What is required
What is wanted is every line below from the one with "Italy Lambskin Leather" up to and including the one with "3891 Valley View Ct., Gainesville, GA 30501", retyped exactly, pictures excluded, nothing else.

Working data
★ ★ ★
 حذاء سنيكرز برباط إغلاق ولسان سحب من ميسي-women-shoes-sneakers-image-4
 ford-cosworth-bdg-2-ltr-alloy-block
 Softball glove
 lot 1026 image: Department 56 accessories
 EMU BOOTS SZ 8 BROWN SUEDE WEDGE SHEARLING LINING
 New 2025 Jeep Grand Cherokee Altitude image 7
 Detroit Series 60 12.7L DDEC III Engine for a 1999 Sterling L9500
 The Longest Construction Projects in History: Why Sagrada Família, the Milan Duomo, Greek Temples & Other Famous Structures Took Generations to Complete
★ ★ ★
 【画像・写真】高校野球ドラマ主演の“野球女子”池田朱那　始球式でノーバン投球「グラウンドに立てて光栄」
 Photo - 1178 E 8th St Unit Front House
★ ★ ★
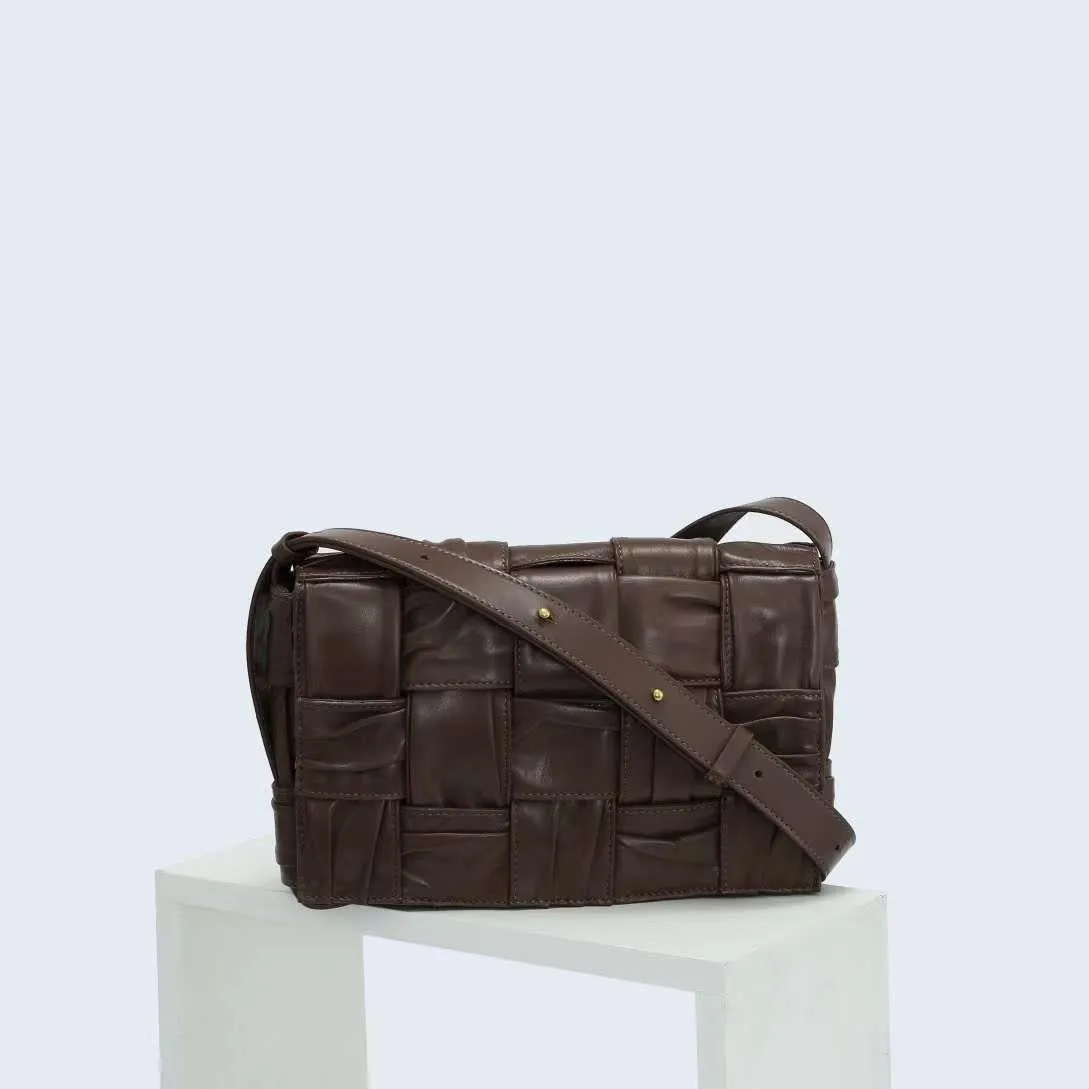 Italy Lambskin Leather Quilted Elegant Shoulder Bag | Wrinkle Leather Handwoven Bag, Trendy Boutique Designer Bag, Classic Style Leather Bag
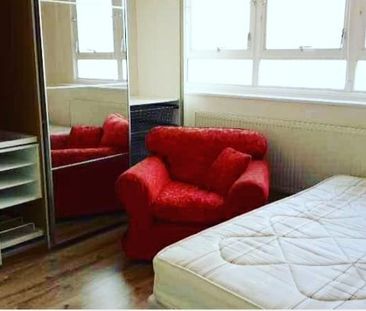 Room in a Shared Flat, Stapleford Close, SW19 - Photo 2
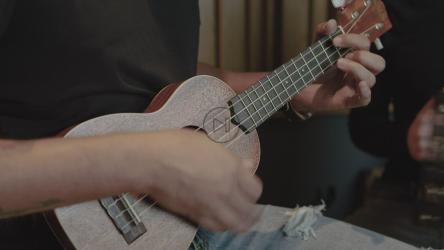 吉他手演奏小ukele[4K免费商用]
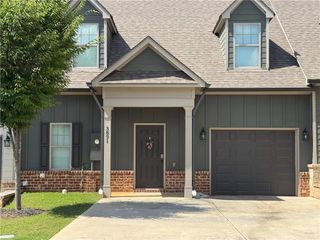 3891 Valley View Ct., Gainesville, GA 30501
★ ★ ★
Solution
 Italy Lambskin Leather Quilted Elegant Shoulder Bag | Wrinkle Leather Handwoven Bag, Trendy Boutique Designer Bag, Classic Style Leather Bag
 Room in a Shared Flat, Stapleford Close, SW19 - Photo 2
 吉他手演奏小ukele[4K免费商用]
 3891 Valley View Ct., Gainesville, GA 30501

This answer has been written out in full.